= Brian Harold Thomson =

Colonel Brian Harold Thomson (21 November 1918 – 7 November 2006) was a newspaper proprietor of D. C. Thomson & Co. and soldier in the Fife and Forfar Yeomanry. He was widely known as "Mr Brian" within D. C. Thomson & Co. and throughout the business community of Dundee.

==Education==
Brian was educated at Charterhouse and spent a year in Germany before joining the family firm (D. C. Thomson & Co.) in 1937.

==DC Thomson & Co.==
Brian Thomson was a great-grandson of William Harold Thomson, a Dundonian who prospered first as a draper and later as a shipowner, and in 1884 became the major shareholder of The Dundee Courier & Daily Argus.

William's son, David Couper Thomson, became general manager of the paper, and in 1905 a growing portfolio of newspaper interests was consolidated as D. C. Thomson & Co..

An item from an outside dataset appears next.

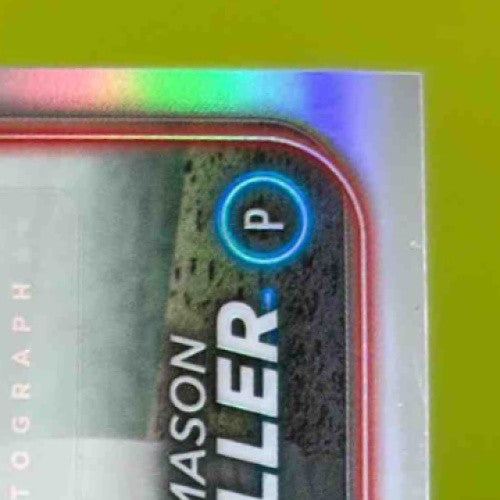 2024 Topps Chrome Update Mason Miller All-Star Game Auto Oakland Athletics - Sports Cards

David Couper Thomson remained chairman of the company until his death, aged 93, in 1954; but it was his nephew, Harold (Brian's father), who drove the expansion of its publishing interests, particularly in the field of comics. The Sunday Post, launched in 1914, introduced a "Fun" section in 1936 which became home to iconic cartoon characters such as Oor Wullie and the Broons.

Brian became a joint Managing Director in 1948 and succeeded his father as chairman in 1974. He conducted business according to strict principles of fairness and courtesy. He did not believe that his company's affairs were the concern of anyone but himself and his board, and he almost never spoke about them to the outside world.

His publications upheld traditional Scottish family values and tastes, typified by the homely tone of the Sunday Post and by magazine titles such as Classic Stitches.

==Military service==
In September 1939 he joined the Fife and Forfar Yeomanry. Posted to Montgomery's Eighth Army in early 1943 and served in armoured cars in North Africa and in the intense battles fighting up the spine of Italy.

After the war he continued to serve in the Yeomanry. He was promoted to lieutenant-colonel and from 1953 to 1955 he commanded his Regiment, the Fife and Forfar Yeomanry.

==Family life and private life==
He married in 1947 Patricia Cunninghame (died 1991) and had one son Christopher, now chairman of D. C. Thomson & Co., and four daughters.

He loved his garden and woodlands, enjoyed shooting, and was a fine golfer at Royal and Ancient at St Andrews, where he reached the final of the Jubilee Vase in 1953; he continued to play regularly until he was well into his eighties.

Brian Thomson was appointed a Deputy Lieutenant of Fife in 1988.